I need to buy more transfer tape and would love to know where you get yours, how many times you reuse it and is silicone really worth the extra cost . Thanks!


----------



## kingwoo (Mar 22, 2013)

I'll say yes to the silicone tape. It's the best for rhinestones. 
We are using 3 different kinds. The silicone for all rhinestone transfers. Another kind for glitter.
Sometimes customers just want save the cost. Then we'll offer the third choice, a cheaper kind but not as good as silicone.

We use silicone for its firm sticky glue. As the transfers are delivered by flight, we need better transfer paper to keep stones in order in the long delivery. 

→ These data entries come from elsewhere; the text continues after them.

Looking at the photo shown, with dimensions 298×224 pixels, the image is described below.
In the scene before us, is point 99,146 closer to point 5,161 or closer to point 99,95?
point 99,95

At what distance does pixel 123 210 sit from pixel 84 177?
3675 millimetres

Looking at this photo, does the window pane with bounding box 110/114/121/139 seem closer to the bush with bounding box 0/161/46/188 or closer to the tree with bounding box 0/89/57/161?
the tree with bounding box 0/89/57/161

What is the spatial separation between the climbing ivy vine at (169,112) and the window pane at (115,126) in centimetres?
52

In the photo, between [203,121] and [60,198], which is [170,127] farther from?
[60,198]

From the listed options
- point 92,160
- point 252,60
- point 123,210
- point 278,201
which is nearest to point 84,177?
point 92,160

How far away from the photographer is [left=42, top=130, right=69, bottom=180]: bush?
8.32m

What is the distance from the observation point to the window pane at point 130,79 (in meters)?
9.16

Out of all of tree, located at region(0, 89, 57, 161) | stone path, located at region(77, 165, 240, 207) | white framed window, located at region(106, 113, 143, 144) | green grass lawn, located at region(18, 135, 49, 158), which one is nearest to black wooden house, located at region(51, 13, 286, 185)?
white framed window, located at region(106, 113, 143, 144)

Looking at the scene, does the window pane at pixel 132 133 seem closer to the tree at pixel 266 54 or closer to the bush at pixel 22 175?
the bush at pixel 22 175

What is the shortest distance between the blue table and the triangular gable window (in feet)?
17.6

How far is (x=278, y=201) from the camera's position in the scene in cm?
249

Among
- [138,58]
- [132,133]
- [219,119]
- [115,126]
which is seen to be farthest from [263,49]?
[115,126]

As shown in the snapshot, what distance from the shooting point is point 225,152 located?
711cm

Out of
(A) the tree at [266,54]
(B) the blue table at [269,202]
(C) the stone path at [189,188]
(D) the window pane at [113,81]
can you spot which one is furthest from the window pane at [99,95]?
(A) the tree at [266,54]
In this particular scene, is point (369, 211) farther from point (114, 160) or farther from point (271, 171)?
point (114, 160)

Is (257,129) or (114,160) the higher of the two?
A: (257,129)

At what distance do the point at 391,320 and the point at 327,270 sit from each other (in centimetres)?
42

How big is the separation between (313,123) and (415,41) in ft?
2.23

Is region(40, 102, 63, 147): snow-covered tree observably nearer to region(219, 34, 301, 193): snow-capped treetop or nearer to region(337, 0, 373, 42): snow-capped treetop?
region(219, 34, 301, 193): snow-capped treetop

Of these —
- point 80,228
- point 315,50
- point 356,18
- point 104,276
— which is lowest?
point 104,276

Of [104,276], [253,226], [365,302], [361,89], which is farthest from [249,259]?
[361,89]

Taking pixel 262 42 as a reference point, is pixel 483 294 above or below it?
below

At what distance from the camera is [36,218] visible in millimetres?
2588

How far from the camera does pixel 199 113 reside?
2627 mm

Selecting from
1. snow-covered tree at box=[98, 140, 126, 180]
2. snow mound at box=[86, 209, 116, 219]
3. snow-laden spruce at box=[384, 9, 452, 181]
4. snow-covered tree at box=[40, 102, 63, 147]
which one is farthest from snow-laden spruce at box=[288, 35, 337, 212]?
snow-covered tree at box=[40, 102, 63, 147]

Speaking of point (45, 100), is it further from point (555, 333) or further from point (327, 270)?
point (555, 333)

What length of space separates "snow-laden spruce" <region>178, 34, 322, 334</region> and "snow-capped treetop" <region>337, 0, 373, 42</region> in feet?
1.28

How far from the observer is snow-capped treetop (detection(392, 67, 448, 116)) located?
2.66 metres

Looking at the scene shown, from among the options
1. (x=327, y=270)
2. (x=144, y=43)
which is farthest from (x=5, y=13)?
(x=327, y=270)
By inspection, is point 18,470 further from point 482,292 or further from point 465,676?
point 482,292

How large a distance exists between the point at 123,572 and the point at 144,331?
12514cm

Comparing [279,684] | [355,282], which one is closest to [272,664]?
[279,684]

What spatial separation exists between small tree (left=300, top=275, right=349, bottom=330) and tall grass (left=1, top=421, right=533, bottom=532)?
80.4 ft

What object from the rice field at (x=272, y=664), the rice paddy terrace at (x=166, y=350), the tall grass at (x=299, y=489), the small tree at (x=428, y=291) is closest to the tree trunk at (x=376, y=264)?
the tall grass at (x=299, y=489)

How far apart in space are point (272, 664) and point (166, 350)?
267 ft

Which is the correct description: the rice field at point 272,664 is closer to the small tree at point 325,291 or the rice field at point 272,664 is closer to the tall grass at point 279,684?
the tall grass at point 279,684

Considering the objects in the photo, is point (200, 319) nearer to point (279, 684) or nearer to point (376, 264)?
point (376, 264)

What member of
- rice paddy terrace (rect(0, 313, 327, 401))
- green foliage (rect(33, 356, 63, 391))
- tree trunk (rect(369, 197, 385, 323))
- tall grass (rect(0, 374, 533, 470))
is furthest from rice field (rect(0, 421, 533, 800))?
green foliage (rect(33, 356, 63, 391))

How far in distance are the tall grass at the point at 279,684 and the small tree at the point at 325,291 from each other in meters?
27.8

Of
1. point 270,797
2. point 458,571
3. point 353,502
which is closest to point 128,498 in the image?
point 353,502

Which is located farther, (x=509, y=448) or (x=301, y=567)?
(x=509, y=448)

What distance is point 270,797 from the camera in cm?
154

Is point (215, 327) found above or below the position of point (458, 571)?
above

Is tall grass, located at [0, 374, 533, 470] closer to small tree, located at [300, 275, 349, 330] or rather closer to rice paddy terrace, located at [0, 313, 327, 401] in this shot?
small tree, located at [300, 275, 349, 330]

So I suggest, as you make both the transfers and the application to garment yourself, you don't need to make it with the silicone tape, unless there are many templates.

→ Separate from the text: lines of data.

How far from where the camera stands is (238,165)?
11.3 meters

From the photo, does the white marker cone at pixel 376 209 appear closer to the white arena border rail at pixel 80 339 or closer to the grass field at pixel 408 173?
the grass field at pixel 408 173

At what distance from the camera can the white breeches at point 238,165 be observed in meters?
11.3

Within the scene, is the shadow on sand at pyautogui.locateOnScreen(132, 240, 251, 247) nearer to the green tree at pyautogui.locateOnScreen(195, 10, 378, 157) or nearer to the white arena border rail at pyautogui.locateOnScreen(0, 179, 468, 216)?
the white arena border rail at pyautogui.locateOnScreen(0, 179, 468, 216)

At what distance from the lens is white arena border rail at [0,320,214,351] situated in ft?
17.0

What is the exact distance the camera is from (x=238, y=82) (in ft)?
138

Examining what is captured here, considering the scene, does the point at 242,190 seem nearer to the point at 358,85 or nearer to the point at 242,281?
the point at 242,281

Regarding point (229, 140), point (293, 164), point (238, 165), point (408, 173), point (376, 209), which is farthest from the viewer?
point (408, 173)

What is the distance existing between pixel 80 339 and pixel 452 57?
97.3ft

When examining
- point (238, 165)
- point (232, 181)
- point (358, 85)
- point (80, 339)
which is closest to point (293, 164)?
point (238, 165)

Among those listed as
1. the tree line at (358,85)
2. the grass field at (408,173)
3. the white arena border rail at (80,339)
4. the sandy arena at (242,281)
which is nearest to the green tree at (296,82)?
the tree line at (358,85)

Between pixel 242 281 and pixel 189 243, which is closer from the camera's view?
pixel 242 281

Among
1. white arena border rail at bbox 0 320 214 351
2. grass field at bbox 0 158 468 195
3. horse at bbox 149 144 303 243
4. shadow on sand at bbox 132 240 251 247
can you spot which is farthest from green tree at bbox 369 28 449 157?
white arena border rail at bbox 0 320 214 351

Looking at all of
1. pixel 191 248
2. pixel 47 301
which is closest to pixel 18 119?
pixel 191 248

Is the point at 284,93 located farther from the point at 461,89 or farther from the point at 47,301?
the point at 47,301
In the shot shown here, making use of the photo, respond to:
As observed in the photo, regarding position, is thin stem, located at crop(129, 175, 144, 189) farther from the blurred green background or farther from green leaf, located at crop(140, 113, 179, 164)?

And for reuse, what do you mean? 
Reuse after transferring the stones onto garment and peeling off the tape? I don't think it can be reused after 350F? 
If it's reusable, would u please share?


----------



## mfatty500 (Jan 18, 2010)

i use silicone also, and i reuse it up to about 3 times depending on what design i have going on it at the time, i buy mine from shineart, and yes it can take 350* no problem


----------



## kingwoo (Mar 22, 2013)

3 times. Nice.

Didn't find it can be reused before at all. We mainly sell rhinestone transfers in bulk, so didn't have chance to get any transfer tape back or reuse. But will keep a notice and try sometime.


----------



## mfatty500 (Jan 18, 2010)

Forgot to mention that i take off while it is still warm, so that it does not wrinkle up to much, but if it does just stretch it out the best you can and repress it for few seconds, without the carrier of course.


----------



## mfatty500 (Jan 18, 2010)

and when I use acrylic i usually wad it up and throw it away


----------



## kingwoo (Mar 22, 2013)

mfatty500 said:


> and when I use acrylic i usually wad it up and throw it away


Aha!


----------



## jeron (Jul 16, 2012)

I use the acrylic stuff up to about 2-3 times from shine art. If your shipping designs i would use the Silicon stuff, but if you're making and pressing designs in house the acrylic is plenty good in my opinion 

Thanks,
Jeron


----------



## Leg cramps (Feb 9, 2009)

I have tried the acrylic and silicone. I press rhinestone decals and get at least 20 presses on a 
4" x 10" sheet at 300 degrees for 20 seconds. I have gone through at least 1200 ft of decal material last year and still am using the same roll of tape. I prefer acrylic, doesn't wrinkle as much, stays sticky longer and doesn't have the static as the silicone. also it sticks to decal material and makes it harder to peel without ruining decal.


----------



## ifusion (Jun 3, 2011)

I sell transfers and press my own items. I get my tape from shineart. I usually get a case at a time. I get the cheapest stuff they have. I use it once and toss it. When it comes down to it, a 12"x12" sheet of tape costs under 10 cents when you are buying it by the roll. 

There are soo many other spots to save money... I wouldnt waste my time trying to get more uses out of tape.


----------



## allamerican-aeoon (Aug 14, 2007)

Sheet can be sold by cut sheet or roll(100meter=330feet). On going price is $60-80/roll.
Silicon is way to go if anyone want to sell motif. Stone will not move while transport by UPS.
Cheers! Beers are on me always.


----------